The remote, seldom visited Becharof refuge is one of Alaska’s best kept secrets. Tucked into a corner behind Katmai National Park, it
comprises over 1.2 million acres surrounding Becharof lake, the second largest lake in Alaska. The lake and the majority of the refuge drain into
the famed, ecological rich Bristol Bay region of SW Alaska. Every year hundreds of million salmon return to these waters to spawn.
Following and feeding upon this bonanza are millions of oversized rainbow trout, artic char, dolly varden, pike, lake trout and artic grayling.
Attracted also to this unlimited protein buffet are thousands of massive brown bears. They migrate in from nearby Katmai National Park and some
from distances of over a hundred miles. During the salmon run the area supports the highest density of brown bears in the world.
Migrating herds of caribou, trailed by peripatetic packs of wolves, travel between seasonal feeding grounds and calving areas. In the fall,
prior to their rut, moose migrate from the upper reaches of isolated valleys toward the lowlands. For hunters and fishermen the area is well known
as a world class destination due to it’s immense diversity of wildlife. Wildlife however are only one aspect of the area’s beauty.
Situated along the geologically active Pacific “ring-of-fire “, steaming, snow capped volcanoes tower over panoramic expanses of open
tundra. Alders, dwarf birch and willows push up through a carpet of lichens, grasses and crowberries. From May through August the tundra is
punctuated with bright splotches of color from a multitude of iridescent flowers like the Kamchatka rhododendron, artic forget-me-not, moss
campion, cinqfoil, lousewort and fireweed.
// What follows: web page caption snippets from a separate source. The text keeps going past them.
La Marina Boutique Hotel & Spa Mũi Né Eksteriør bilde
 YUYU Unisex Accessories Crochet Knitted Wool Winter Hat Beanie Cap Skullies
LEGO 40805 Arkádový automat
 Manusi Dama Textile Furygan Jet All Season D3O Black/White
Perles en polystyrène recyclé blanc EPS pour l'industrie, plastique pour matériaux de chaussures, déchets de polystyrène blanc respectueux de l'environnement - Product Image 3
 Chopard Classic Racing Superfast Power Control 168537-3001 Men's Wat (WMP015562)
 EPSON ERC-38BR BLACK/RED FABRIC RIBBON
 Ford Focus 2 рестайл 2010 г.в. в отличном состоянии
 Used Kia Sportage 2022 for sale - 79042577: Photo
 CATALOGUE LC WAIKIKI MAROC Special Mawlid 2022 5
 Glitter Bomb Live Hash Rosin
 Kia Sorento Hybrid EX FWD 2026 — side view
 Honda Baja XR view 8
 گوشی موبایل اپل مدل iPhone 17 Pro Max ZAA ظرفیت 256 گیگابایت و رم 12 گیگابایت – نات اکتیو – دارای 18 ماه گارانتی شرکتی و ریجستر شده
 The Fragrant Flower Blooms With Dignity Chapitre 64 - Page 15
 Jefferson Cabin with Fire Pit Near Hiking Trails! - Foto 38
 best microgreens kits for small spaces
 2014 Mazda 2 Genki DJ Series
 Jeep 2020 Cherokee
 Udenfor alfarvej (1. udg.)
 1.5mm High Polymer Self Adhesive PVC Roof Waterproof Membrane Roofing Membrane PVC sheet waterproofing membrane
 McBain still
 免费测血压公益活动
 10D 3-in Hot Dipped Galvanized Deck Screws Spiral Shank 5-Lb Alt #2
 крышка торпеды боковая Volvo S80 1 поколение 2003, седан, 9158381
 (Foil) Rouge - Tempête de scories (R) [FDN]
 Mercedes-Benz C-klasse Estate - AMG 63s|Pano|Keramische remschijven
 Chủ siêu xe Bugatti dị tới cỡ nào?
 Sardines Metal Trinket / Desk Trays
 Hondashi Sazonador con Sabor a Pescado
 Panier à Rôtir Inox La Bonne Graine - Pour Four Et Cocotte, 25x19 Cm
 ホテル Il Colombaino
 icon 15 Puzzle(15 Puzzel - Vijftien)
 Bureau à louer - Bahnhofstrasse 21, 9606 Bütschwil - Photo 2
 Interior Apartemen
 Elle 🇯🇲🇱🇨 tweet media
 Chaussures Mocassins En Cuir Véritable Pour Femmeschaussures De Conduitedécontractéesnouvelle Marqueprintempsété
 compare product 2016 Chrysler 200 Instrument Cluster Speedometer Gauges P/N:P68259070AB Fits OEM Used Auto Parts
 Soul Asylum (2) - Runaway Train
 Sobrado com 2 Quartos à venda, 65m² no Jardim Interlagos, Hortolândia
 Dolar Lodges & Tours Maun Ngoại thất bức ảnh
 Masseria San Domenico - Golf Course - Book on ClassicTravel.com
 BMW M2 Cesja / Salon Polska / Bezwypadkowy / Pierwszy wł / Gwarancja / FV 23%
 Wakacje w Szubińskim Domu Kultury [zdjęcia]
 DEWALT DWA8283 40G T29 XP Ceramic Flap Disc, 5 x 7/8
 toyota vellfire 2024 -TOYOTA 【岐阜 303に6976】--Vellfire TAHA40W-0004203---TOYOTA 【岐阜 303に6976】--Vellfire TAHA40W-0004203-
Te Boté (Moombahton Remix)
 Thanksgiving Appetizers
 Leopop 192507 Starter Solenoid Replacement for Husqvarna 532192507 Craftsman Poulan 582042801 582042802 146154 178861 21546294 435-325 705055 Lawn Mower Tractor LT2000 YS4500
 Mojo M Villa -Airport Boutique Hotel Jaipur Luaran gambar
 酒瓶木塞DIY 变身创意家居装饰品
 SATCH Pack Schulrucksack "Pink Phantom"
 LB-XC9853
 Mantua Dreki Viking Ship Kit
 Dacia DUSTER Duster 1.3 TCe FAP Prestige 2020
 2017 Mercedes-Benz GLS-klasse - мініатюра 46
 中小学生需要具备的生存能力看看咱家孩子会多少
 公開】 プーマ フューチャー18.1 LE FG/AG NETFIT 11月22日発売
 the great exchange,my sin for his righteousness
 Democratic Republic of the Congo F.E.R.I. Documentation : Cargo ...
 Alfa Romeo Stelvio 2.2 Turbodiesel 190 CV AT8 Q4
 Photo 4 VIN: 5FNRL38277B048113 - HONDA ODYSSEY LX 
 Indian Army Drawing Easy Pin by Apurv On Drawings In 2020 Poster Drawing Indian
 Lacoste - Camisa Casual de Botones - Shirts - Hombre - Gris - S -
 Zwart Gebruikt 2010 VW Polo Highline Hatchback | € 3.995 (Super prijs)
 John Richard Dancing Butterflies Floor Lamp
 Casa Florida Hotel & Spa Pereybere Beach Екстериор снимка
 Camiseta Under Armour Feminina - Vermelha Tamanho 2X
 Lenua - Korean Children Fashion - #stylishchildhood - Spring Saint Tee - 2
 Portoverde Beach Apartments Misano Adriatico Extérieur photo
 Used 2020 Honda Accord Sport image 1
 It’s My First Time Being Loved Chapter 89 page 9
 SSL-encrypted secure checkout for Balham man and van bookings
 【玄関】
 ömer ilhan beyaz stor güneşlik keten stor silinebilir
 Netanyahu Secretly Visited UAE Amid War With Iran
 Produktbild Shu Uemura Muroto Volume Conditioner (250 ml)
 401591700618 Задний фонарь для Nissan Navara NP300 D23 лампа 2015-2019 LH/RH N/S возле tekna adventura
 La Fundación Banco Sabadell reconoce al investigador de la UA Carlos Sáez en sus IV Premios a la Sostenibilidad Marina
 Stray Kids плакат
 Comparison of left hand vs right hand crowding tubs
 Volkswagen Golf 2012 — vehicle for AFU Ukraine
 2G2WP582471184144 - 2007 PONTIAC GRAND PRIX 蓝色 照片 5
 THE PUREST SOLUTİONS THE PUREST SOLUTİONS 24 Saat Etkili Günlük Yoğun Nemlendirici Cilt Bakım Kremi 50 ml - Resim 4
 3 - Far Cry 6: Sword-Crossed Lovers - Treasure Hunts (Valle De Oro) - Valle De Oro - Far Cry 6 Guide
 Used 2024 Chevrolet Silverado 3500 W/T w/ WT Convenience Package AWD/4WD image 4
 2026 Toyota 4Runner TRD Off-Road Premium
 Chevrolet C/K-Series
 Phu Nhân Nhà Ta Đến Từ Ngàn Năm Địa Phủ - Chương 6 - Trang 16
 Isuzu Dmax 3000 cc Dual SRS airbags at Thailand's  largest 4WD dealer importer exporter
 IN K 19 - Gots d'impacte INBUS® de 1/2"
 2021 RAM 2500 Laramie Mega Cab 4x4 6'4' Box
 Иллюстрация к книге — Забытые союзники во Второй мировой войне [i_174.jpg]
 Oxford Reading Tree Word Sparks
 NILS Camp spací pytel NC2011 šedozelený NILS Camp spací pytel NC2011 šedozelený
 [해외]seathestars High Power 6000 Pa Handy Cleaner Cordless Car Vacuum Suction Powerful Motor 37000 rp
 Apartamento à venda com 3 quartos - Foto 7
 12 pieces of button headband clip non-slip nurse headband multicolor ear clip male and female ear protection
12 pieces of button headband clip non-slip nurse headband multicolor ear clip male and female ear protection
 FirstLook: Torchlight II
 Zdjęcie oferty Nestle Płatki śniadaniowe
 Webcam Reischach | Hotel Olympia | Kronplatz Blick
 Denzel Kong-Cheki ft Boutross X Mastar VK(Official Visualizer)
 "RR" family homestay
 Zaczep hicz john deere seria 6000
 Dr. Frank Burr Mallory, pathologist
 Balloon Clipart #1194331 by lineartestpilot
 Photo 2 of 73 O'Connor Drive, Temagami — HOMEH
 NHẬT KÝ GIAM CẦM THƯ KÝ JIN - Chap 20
The tundra is also prime nesting area for countless species of migratory birds. Ducks, geese, swans, cranes, eagles, godwits, sandpipers,
jaegers and innumerable passerines nest in the open tundra while the steep cliffs along Shelikof straits are home to millions of nesting murres,
puffins, cormorants, kittiwakes and gulls.
Phil Shoemaker, his wife Rochelle “Rocky” Harrison and their son and daughter, Taj and
Tia, are your hosts. Phil is a licensed Alaskan Master guide with a degree in Wildlife
management. He is a commercial pilot and flight instructor and spent the majority of his 13,000
hours “bush” flying in Alaska.
Rocky is an avid outdoors person and naturalist with a degree in biology. She also is a
pilot as well as state licensed fishing and hunting guide and operates as general camp manager
Taj and Tia are graduates from the Univ. of Alaska, Fairbanks. Taj has a degree in
Natural Resources Management and Tia in Therapeutic Recreation. Both are accomplished
pilots and experienced hunting and fishing guides. Having grown up in the area they are highly
knowledgeable of it’s natural history, game, weather and terrain.